* **INFORMATION GIVEN**
--
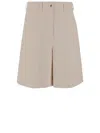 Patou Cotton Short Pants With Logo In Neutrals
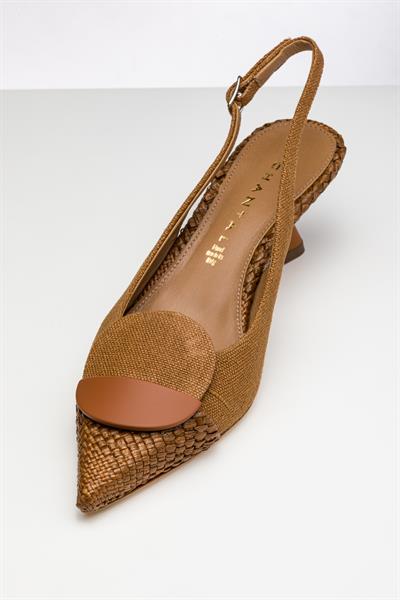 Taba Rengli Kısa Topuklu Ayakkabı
--
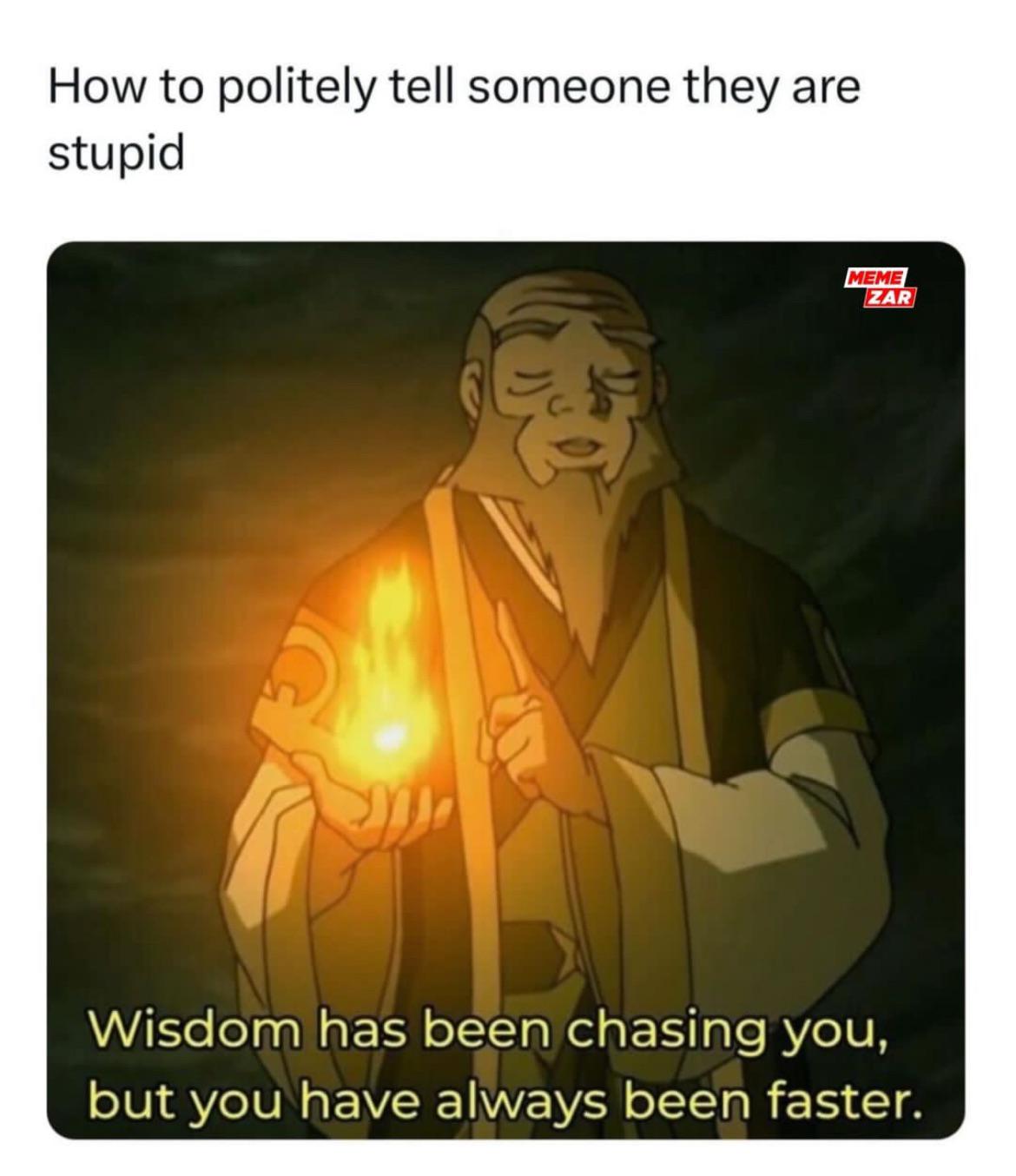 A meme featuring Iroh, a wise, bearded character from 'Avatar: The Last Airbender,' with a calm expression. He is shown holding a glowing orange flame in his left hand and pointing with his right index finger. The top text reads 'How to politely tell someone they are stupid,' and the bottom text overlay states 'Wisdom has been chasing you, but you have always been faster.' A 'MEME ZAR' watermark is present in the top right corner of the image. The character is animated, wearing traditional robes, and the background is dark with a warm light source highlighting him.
--
Only the lines above from the one with "Patou Cotton Short" to the one with "Taba Rengli Kısa Topuklu Ayakkabı" should be printed, both included and exactly as written; no picture belongs in the copy.

 Patou Cotton Short Pants With Logo In Neutrals
 Taba Rengli Kısa Topuklu Ayakkabı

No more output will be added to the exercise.